Old favourite! The rural districts and counties of Beijing contain many interesting places that you could drive right past without noticing. One of the places we'll visit on this trip is even harder to spot—a system of tunnels built under a village in the 1940s for use as part of a guerilla warfare strategy.
We’ll stop for a 30–40 minute look about the war tunnels on the way to the hike, a 6km walk through the hills of Pinggu District.
War Tunnels Museum
In Chinese territory occupied by Japanese forces it was common practice for local inhabitants to be conscripted to work for the Japanese. As well as searching villages for people who could be forced to work, grain and other supplies were also found and taken away.
In the autumn of 1938, Communist party soldiers came to the village and began to organise the villagers – arming them, and training them in guerilla warfare.
The first phase of tunnel digging began as a way to hide stores of grain or rice, and sometimes people.
As the holes became larger, the villagers started to make tunnels between holes, and eventually the tunnel system grew to a length of 11km.
The tunnels began as simple holes in the ground, and were extended over the course of seven years to form a full tunnel system that featured meeting rooms, gas traps, and storage space for water, food, and munitions.
The tunnels joined many of the houses in the village, and some of the hidden entrances and exits – underneath beds, below grinding stones, inside animal pens – have been restored for visitors to use.
At the site of the tunnels, we’ll first visit the Exhibition Hall for an introduction to the historical background of the tunnels. Then we’ll head underground to explore the restored section, a 650-metre stretch of tunnels that has been enlarged and had lights added.
Hike to ‘Gold Mountain’
As noted above, we're not going to hike to Gold Mountain because the last part of the trail is super overgrown and no fun.
In the rolling hills nearby the tunnels there are several old trails between villages. We’ll follow the trail that finishes at ‘Gold Mountain’ Village, a small settlement named for the wildcat gold mines in the surrounding hills.
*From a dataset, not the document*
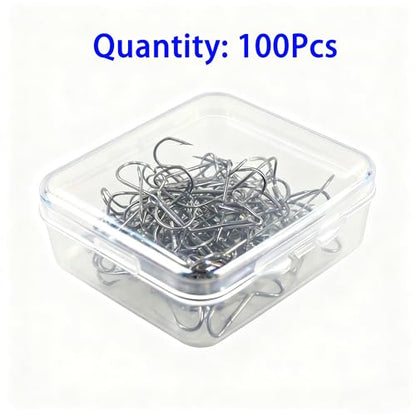 Persei 100pcs Fishing Hook Treble Hooks High Carbon Treble Hooks Super Sharp Solid Size 2 4 6 8 10 12 Triple Barbed Steel Fish Hook - color: Black, size: 2#-100pcs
The small mines have been closed for quite some time now, but back when we first started doing this hike they were still in action.
Our relatively relaxed 6km hike starts at the entrance of a small village, and we’ll take a short stroll through its streets before following a field trail that leads out into the hills.
The trail leads up and over a ridgeline, and this is the only real climb of the whole hike.
Because there’s a lack of water in the area, the hills above the villages are not actively farmed, and all that grows on them are thorn trees and tall, wavy grass. The grass is nice to walk through, particularly in the spots where it has grown hip-high; the thorns not so much!
We’ll make our way down the other side of the ridge and head for a mostly-deserted village, where we’ll stop to eat our lunch.
Back in 2004, there were only around 40 people living in the village. Since then, the population has dropped further – young people would move out, looking for work in the city, leaving only the elderly.
There were plans to build villas and an equestrian facility by the village, but in the end only a few villas were built.
After our lunch break we’ll head on through the hills,
walking through valleys and meadows on the way up and over the ridge to ‘Gold Mountain’ Village following a track down a valley past some farms and through a big gate, ending up near Yaji Mountain. Our bus will meet us there, and then we’ll be on our way back to Beijing after a nice day out in the countryside.